A day after two people including a tribal woman were shot dead by police as they were trying to rescue a forest official from a mob led by teakwood smugglers, police on Tuesday implicated the tribals for inciting the violence.
The two tribals were killed after personnel of the Special Task Force (STF) opened fire to rescue the forest official when the villagers tried to set him ablaze in Chhindwara district on Monday.
Police on Tuesday blaming the tribals of inciting violence, registered an attempted to murder case under sector 307 of the Indian penal code against the villagers.
Police had earlier registered a murder case under section 302 of the IPC against 'an unidentified forest official' in connection with the firing.
Read: Two killed in police firing in Chhindwara in Madhya Pradesh
The violent incident took place in the Gulsi village some 50km from the district headquarters, police said.
A team of forest officials had gone to Gulsi village to seize illegally felled teakwood, when villagers started pelting stone on the team, said Chhindwara superintendent of police Mithilesh Shukla.
The villagers had caught hold of a forest official and tried to set him ablaze after dousing him with kerosene, when the STF personnel accompanying the forest team were asked officials to open fire into the air to control the situation, and save the official, said Shukla.
The SP said it was not clear whether the two tribals had died from police bullet or bullets fired by the tribals.
Villagers, however, denied having fired at anyone saying that it was a habit of the forest officials to target them.

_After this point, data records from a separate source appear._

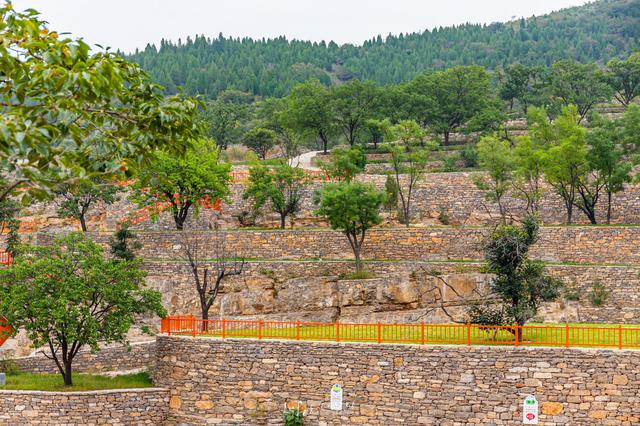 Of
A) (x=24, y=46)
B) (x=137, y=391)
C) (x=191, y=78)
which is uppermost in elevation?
(x=191, y=78)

Forest officials conducted house-to-house searches without warrants, which led to the clashes, said villagers.
Police said villagers involved in illegal teakwood smuggling often attack forest officials during raids.

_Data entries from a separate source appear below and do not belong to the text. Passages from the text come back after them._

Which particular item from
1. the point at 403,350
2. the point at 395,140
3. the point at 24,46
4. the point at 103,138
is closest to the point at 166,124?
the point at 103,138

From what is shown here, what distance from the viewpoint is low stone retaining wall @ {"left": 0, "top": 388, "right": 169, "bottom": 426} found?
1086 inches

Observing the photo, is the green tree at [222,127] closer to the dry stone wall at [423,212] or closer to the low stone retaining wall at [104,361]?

"An inquiry has been ordered in the case," said deputy inspector general of police Umesh Joga.
The district collector has ordered a magisterial inquiry.
Terming the killing of the two tribal as unfortunate, chief conservator of forest (CCF) Chitranjan Tyagi said the forest department was trying to find ways to improve the economic condition of the tribals.
"The conflict is common between residents and forest guards. I think economic condition of villagers is responsible for the incident as their livelihood depend on illegal felling of trees," said Tyagi.
Meanwhile, the state Congress leaders, condemning the killings have demanded a high-level inquiry into to the firing.
"It is a very serious incident and a judicial probe should be conducted to ascertain the circumstances that led to the incident," said state Congress vice-president Manak Agarwal.